ASSIGNMENT
Repeat only the lines from the one containing "Pince à extensions" to the final line below, exactly as they read, and leave every picture out.

MATERIAL PROVIDED
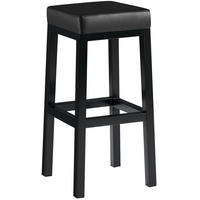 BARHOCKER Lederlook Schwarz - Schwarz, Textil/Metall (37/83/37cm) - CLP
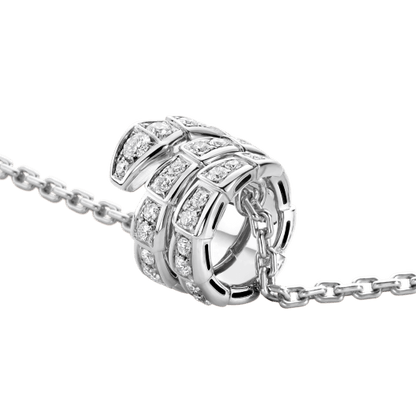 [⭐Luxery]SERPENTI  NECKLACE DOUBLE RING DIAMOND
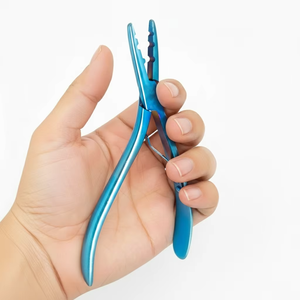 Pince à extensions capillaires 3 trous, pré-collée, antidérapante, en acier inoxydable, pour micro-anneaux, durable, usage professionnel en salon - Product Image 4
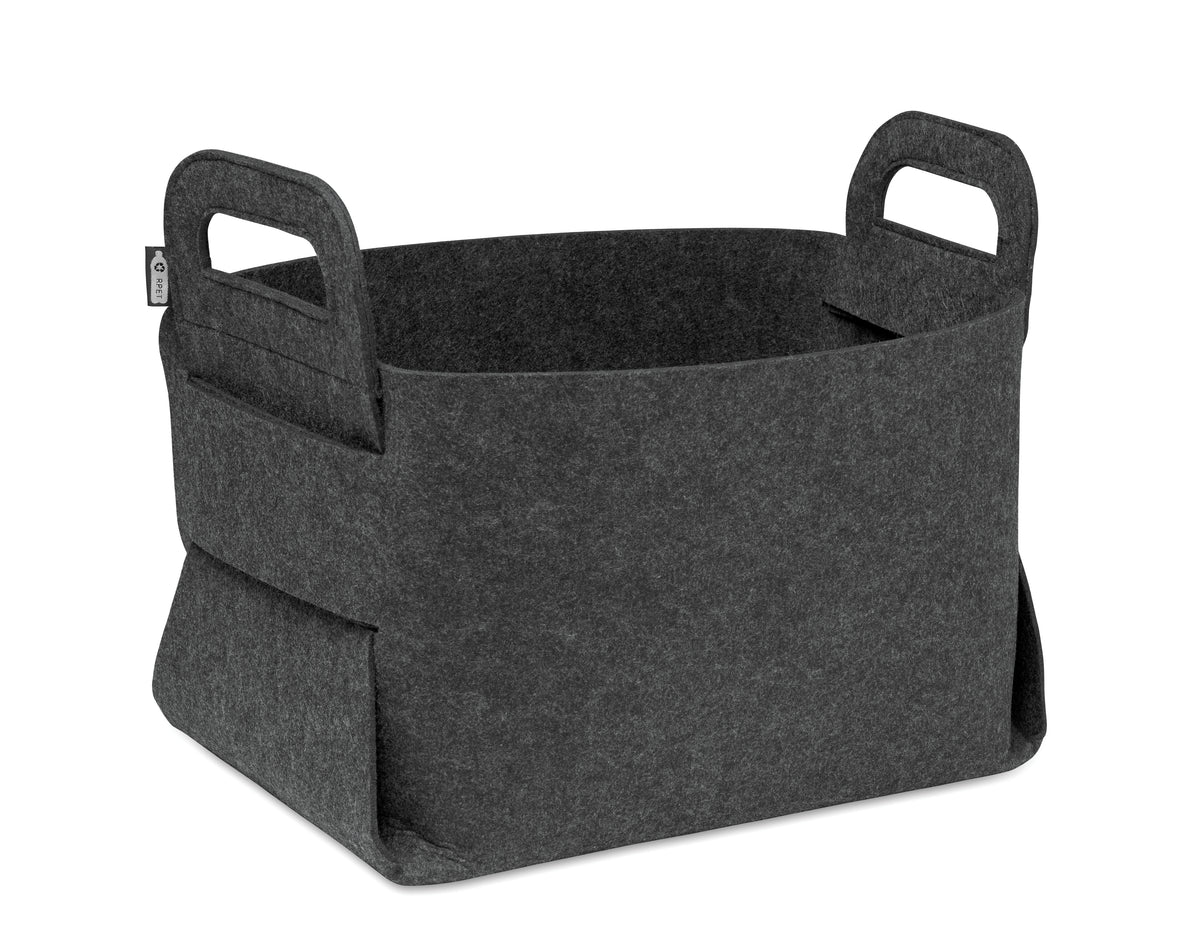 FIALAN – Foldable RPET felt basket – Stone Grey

RESPONSE TO THE EXERCISE
 Pince à extensions capillaires 3 trous, pré-collée, antidérapante, en acier inoxydable, pour micro-anneaux, durable, usage professionnel en salon - Product Image 4
 FIALAN – Foldable RPET felt basket – Stone Grey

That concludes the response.